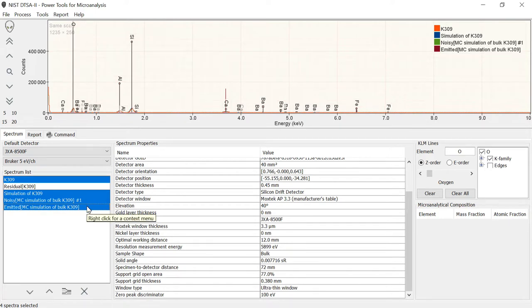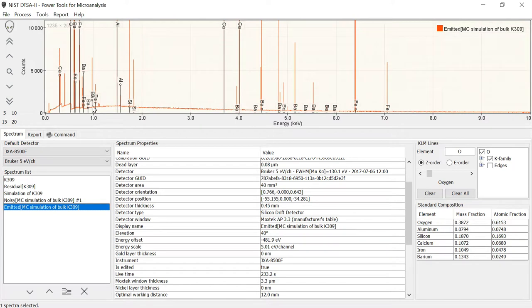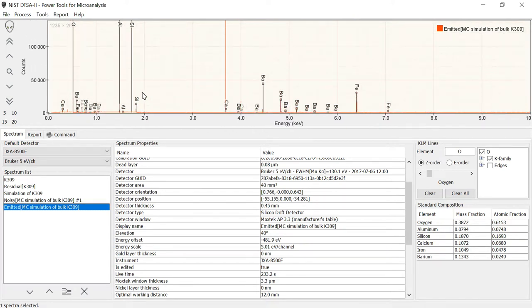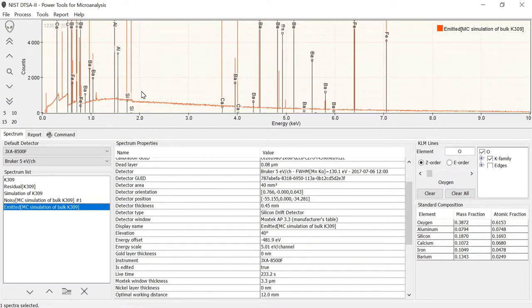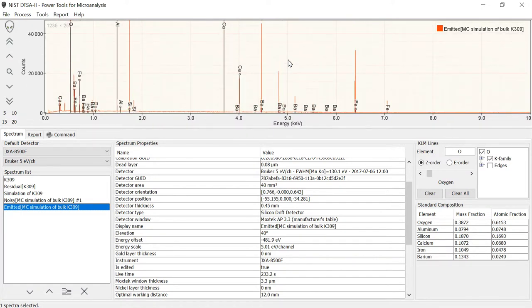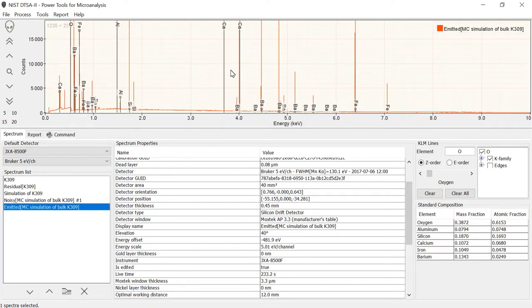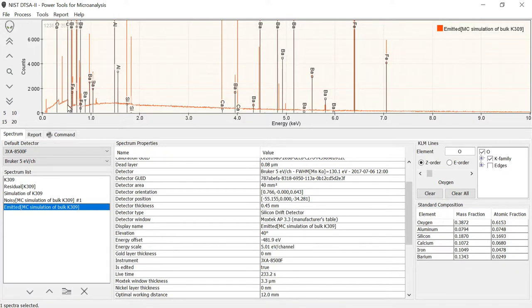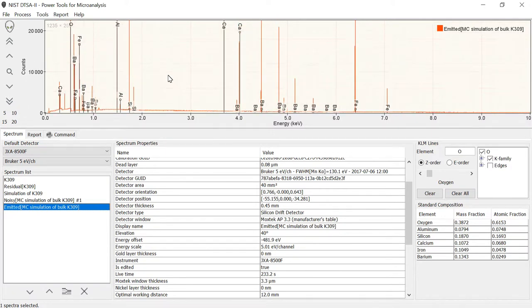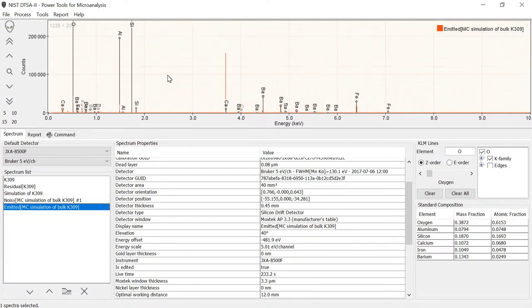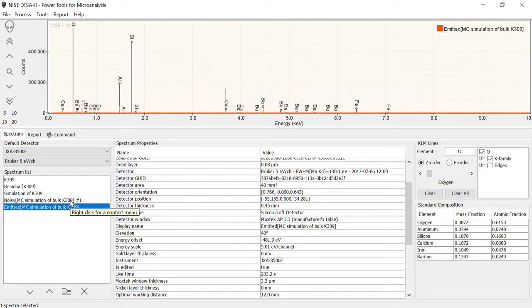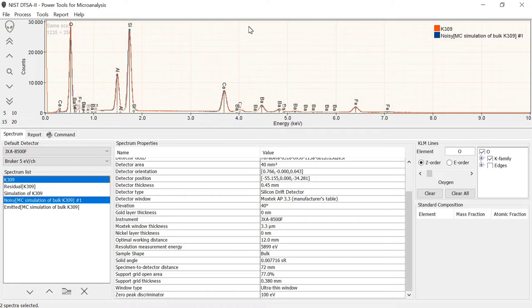And it shows us it's added two additional spectra down here. We have the emitted spectrum that looks like this. The emitted is what we would see if we had essentially a perfect detector. The line widths are very narrow. The width of a particular channel, which in this case is 5eV, and the edges are very sharp. So where there is an absorption edge in the material, the edge is very sharp because we are essentially modeling a perfect detector.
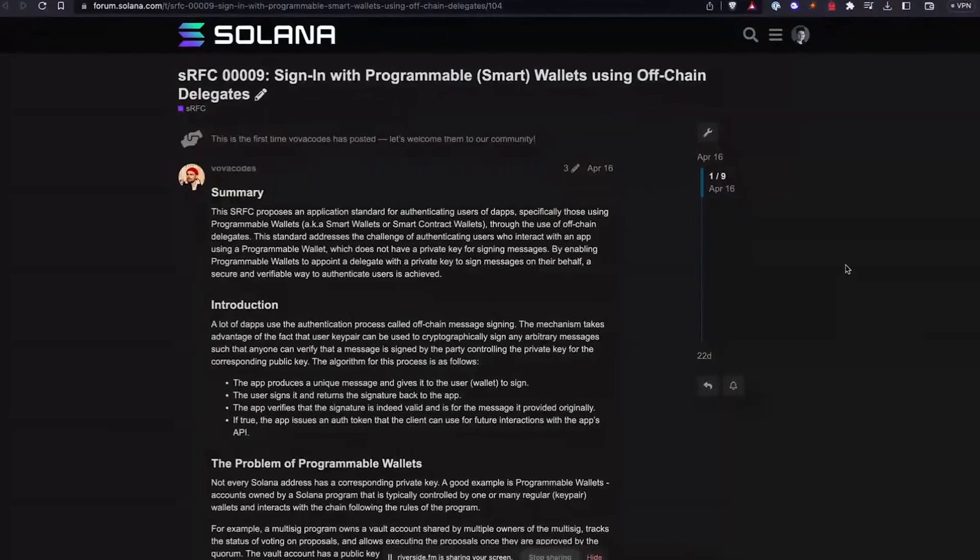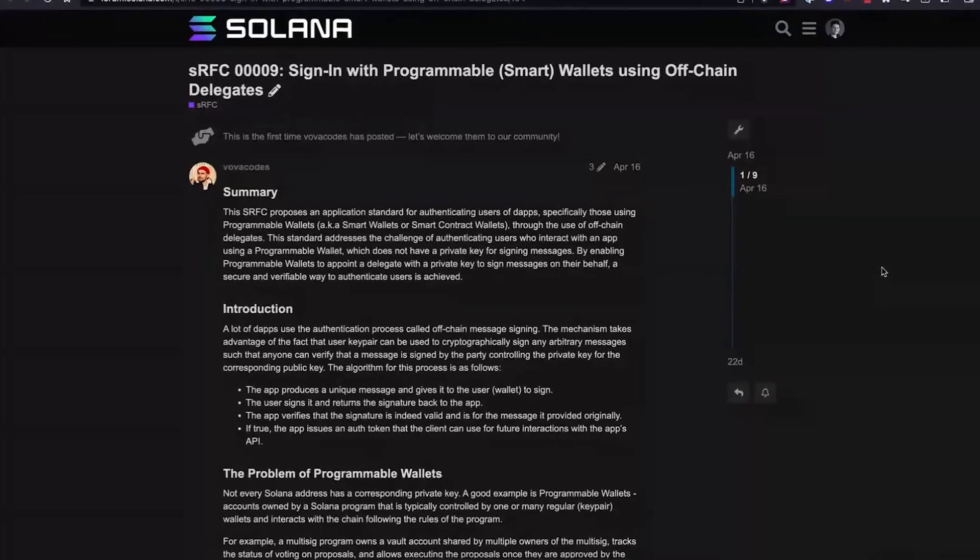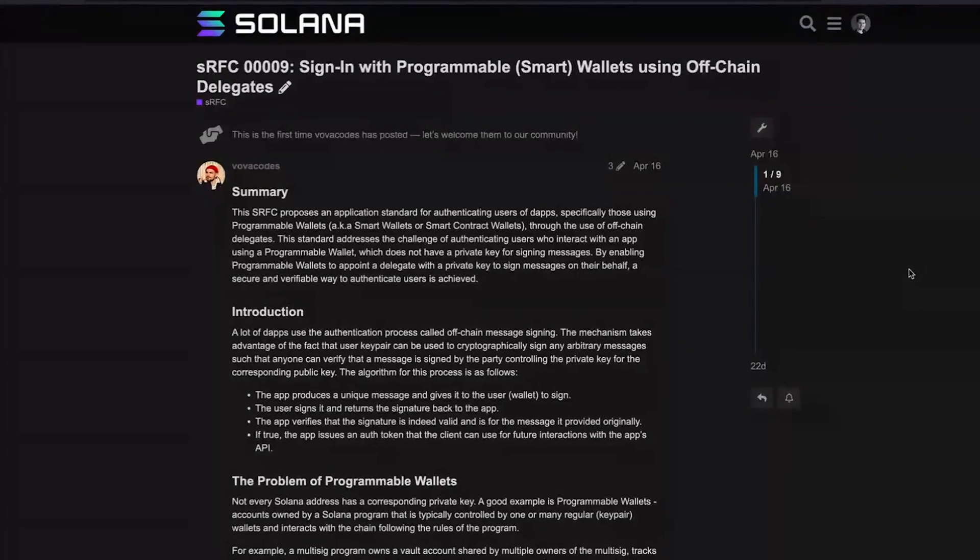Today we're going to highlight SRFC 0009, which is titled Sign In With Programmable Wallets Using Off-Chain Delegates. The problem this particular SRFC is trying to solve is that there are some programmable wallets that don't have a corresponding private key, making it very difficult to authenticate a user. This is suggesting a particular delegate that can be made to a key pair, and that key pair can sign on behalf of the programmable wallet. This is probably a problem that is plaguing multi-sig wallets mainly.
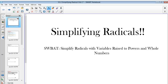Hello and welcome to the amazing world of math. Today we are going to be talking about simplifying radicals, and by the end of these videos you'll be able to simplify radicals with variables raised to powers and whole numbers. So you'll be able to simplify pretty much anything underneath a radical sign.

#### REQUIREMENT:
All lines above are to be restated word for word, with pictures excluded.

#### RESULT OF THIS EXERCISE:
And it shows us it's added two additional spectra down here. We have the emitted spectrum that looks like this. The emitted is what we would see if we had essentially a perfect detector. The line widths are very narrow. The width of a particular channel, which in this case is 5eV, and the edges are very sharp. So where there is an absorption edge in the material, the edge is very sharp because we are essentially modeling a perfect detector.
Today we're going to highlight SRFC 0009, which is titled Sign In With Programmable Wallets Using Off-Chain Delegates. The problem this particular SRFC is trying to solve is that there are some programmable wallets that don't have a corresponding private key, making it very difficult to authenticate a user. This is suggesting a particular delegate that can be made to a key pair, and that key pair can sign on behalf of the programmable wallet. This is probably a problem that is plaguing multi-sig wallets mainly.
Hello and welcome to the amazing world of math. Today we are going to be talking about simplifying radicals, and by the end of these videos you'll be able to simplify radicals with variables raised to powers and whole numbers. So you'll be able to simplify pretty much anything underneath a radical sign.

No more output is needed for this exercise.